#### Required action
Please, from the entries below, transcribe exactly the lines that begin at the line with "大晦日シルベスター2022年新年の背景バナーパノラマ長い 素朴なダークブルーの夜空のテクスチャ上の花火 —" and end at the line with "Commercial for rent", without the pictures.

#### Records for processing
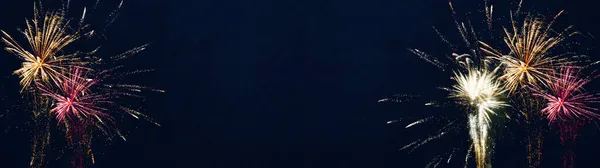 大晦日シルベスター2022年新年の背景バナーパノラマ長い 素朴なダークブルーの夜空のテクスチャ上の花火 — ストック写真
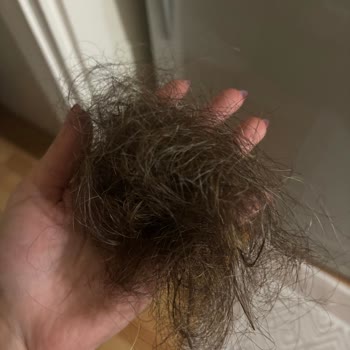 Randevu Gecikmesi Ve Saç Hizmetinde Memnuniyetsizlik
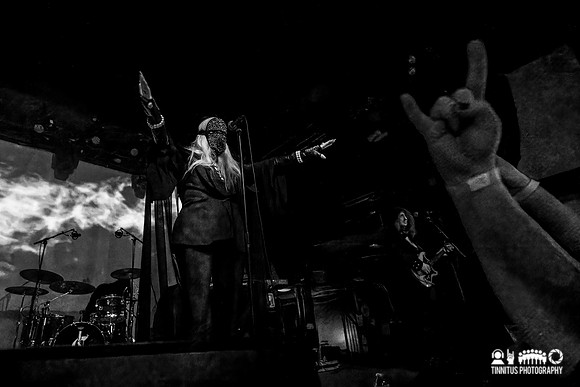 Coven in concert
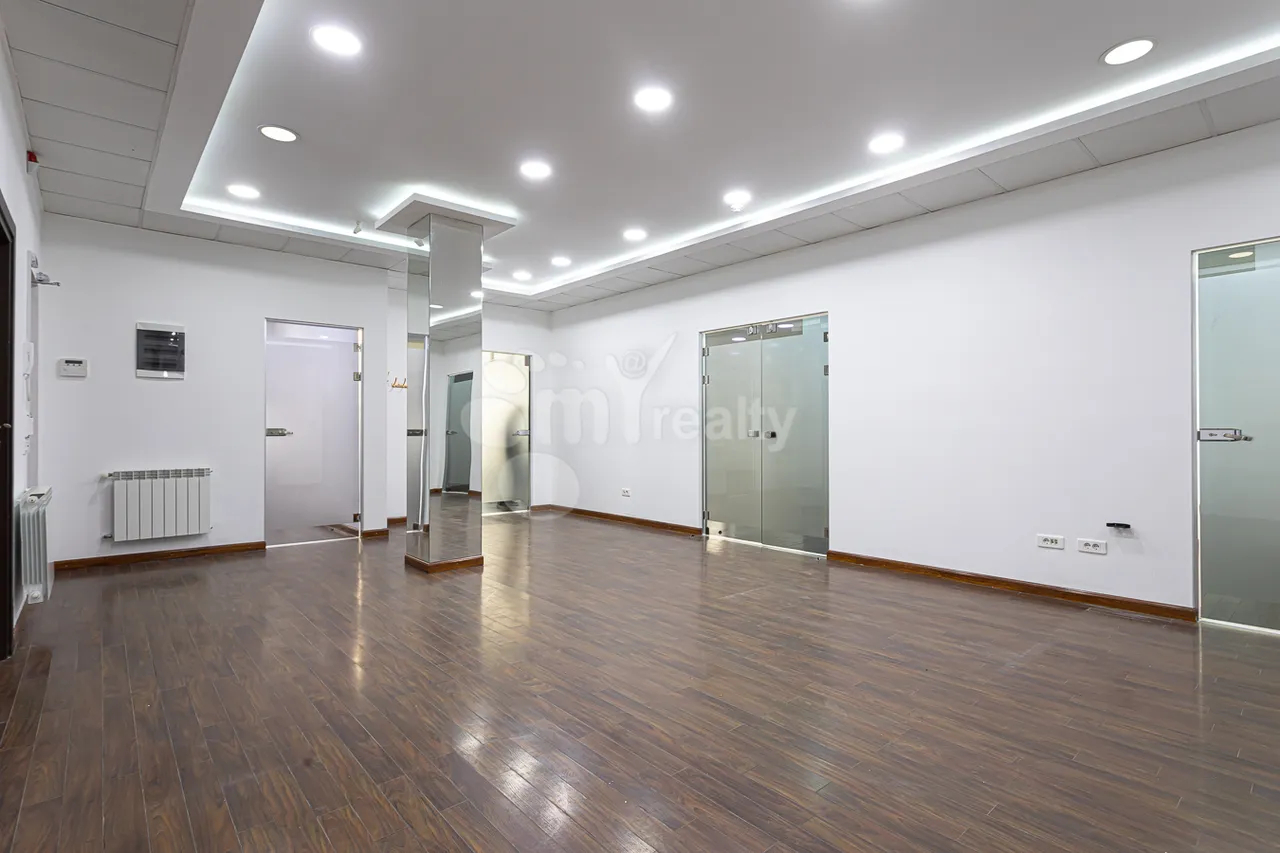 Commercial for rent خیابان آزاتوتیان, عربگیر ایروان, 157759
==
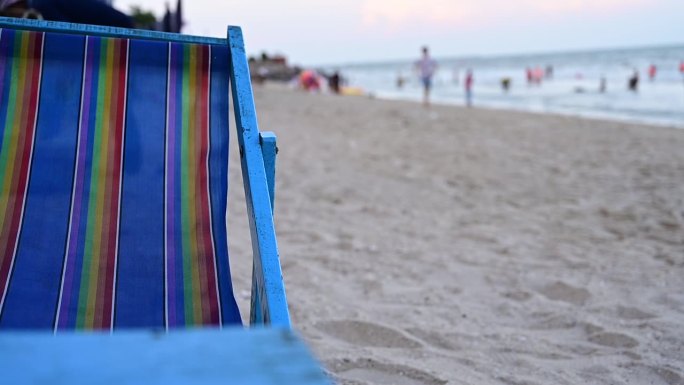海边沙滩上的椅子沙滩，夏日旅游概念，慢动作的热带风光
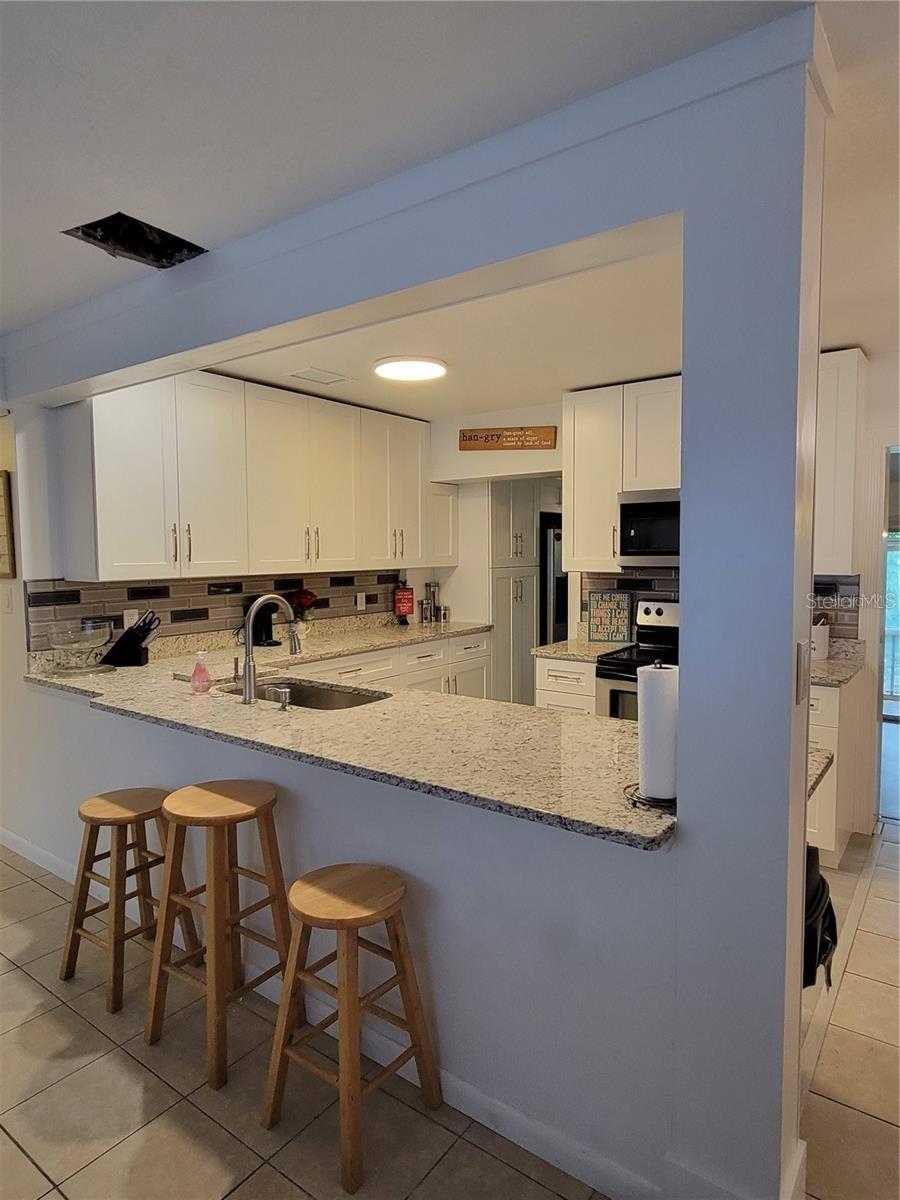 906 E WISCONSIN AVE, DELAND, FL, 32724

#### Task answer
 大晦日シルベスター2022年新年の背景バナーパノラマ長い 素朴なダークブルーの夜空のテクスチャ上の花火 — ストック写真
 Randevu Gecikmesi Ve Saç Hizmetinde Memnuniyetsizlik
 Coven in concert
 Commercial for rent خیابان آزاتوتیان, عربگیر ایروان, 157759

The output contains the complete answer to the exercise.